Not only that but some of the speakers were banned from entering the country, amongst them Dr Ghassan Abu-Sittah who was an eyewitness to what was happening in Gaza and is also the Rector of the University of Glasgow.

The former Greek politician Yanis Varoufakis was also banned from entering Germany and both were warned that they could not participate even by Zoom from another jurisdiction, an unlawful extension of German jurisdiction and a suspension of the free movement of European citizens within the EU.

This is part of a wider criminalisation of protest and the criminalisation of thought.

Though some on the Left in Ireland such as People Before Profit T.Ds like Paul Murphy who support hate speech legislation believed in the benevolence of capitalist leaders when restricting commentary on women’s rights would never be extended to them, it has and for obvious reasons.

Most right-wing governments, particularly those that claim some liberal kudos on certain social issues have taken advantage of the defeat of workers, critical thinking and any opposition at all to capitalism to advance right-wing hate speech legislation and restrictions on academic freedom.
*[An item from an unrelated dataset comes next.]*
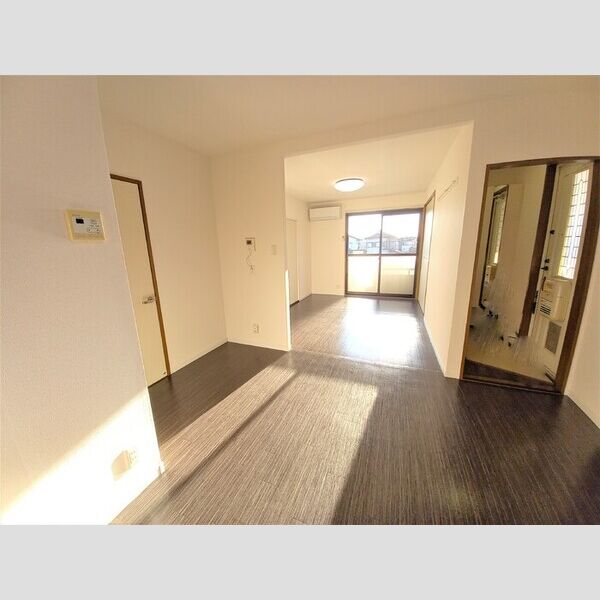 メゾンエスポワール　B リビング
This includes the dismissal of staff, limitations on the right to voice opinions that go against government policy and in the process have garnered the support of many liberal currents and of course major NGOs who depend on government largesse to finance themselves.

The German event is not an isolated incident. Over the years various lecturers in the US have been suspended or not had their contracts renewed for speaking out about Palestine.

Zionists were the original cancel culture specialists who managed to turn spoilt students whining into action, getting staff sacked and silencing other students.

Recently, a professor of 30 years standing at Hobart and William Smith Colleges in the US was suspended over a contribution made to a blog.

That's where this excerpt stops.